A single lawmaker's objection during an informal session can stall a bill, and while legislators often hesitate to pull the trigger on preventing something -- especially a local bill -- from becoming law, the proposal has influential, well-financed opponents including the Greater Boston Real Estate Board that are likely to keep up the pressure.

"Increasing Boston's commercial property tax rate could not come at a worse time," GBREB CEO Greg Vasil said last week following the House vote. "Though we appreciate the House's efforts to lessen the impact on the small business community, the fact remains that commercial vacancy rates are startlingly high and commercial property values are distressingly low. The compromise reached may protect residential property owners from a serious tax spike this year, however it does not protect residential property owners, single and multifamily, from massive increases in subsequent years two and three. Those increases will, in turn, lead to higher residential rent prices, which leaders must avoid in this time of housing crisis."

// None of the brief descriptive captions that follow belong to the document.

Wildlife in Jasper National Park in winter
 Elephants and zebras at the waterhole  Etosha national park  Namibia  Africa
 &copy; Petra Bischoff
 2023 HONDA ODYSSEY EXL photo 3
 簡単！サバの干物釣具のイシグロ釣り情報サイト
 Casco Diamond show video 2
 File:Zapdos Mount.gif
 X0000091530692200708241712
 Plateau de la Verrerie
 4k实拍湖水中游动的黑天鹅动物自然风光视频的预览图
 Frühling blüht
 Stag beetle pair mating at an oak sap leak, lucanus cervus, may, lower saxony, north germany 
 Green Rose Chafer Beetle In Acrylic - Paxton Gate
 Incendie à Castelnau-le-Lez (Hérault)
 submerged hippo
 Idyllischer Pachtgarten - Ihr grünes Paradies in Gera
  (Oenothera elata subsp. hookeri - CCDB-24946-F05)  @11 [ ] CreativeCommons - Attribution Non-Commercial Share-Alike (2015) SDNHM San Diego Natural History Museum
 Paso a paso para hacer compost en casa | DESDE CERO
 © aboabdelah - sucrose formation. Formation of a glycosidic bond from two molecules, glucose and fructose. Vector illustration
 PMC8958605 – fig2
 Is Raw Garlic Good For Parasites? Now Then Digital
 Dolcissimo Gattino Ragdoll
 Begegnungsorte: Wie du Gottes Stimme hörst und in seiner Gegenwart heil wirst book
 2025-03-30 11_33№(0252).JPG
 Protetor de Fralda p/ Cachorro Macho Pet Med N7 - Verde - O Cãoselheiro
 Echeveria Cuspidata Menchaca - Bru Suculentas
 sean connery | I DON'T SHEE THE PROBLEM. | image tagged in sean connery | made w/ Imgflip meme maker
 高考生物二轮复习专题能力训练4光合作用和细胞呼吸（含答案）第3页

In a report published last week, real estate services firm Colliers said Boston's office market experienced "its best quarter in two years" during the second quarter of 2024, but warned it's "still firmly a tenants' market."

Nearly a quarter of commercial inventory is vacant, the report found.

Wu and her deputies want the state to grant them the power to temporarily shift a higher share of property taxes onto commercial owners instead of residential owners if declining commercial values trigger a sudden revenue shortfall.

Without action, Wu said, residents across the city will "most likely see a very significant tax increase, and therefore a jump in their housing costs" once the dominoes begin to fall.

"There's a little bit of misinformation about how we're shifting it, and therefore having a spike on businesses. That is not true," Wu said. "Business taxes will still go down while residential taxes are moderated. The businesses just won't be getting the massive tax break that I think some of them are, some special interests are hoping for."

The property tax measure is one of several Wu priorities that stalled on Beacon Hill. The House also approved a home rule petition (H 4947) to reshape the Boston Planning and Development Agency, which similarly did not emerge in the Senate, and both branches embraced but failed to reconcile legislation awarding hundreds of additional liquor licenses to the city.

"I am still very disappointed that we are in this place, but I recognize that there were many, many important issues, some of which had pretty clear consensus, that did not have the opportunity to move forward, some of them much more widely applicable statewide to everyone, such as the economic development bill," Wu said.

Legislative leaders have signaled they are open to calling lawmakers back to finish an economic development bond bill during a special formal session, which under House and Senate rules are not supposed to resume until the next term.

With details about a return to formal business still scarce, Wu said she hopes that some of the city's home rule petitions "can also be included in that."

"We will do whatever it takes to make ourselves available at the city level, to share information, to advocate, to work with the Senate in particular, because several of our items were voted through overwhelmingly on the House side and then didn't make it through that final [Senate] step later," she said. "My sense is that we were in line following a number of high-priority things, and they did not make it down the list all the way."

The handful of Boston bills each have a different outlook.

Legislative negotiators have said they are optimistic they can iron out final details about a compromise bill giving the city more liquor licenses, many of which would be targeted for communities of color.

It's less clear if Senate Democrats agree with their counterparts in the House about the need to grant the city's request for BPDA reforms.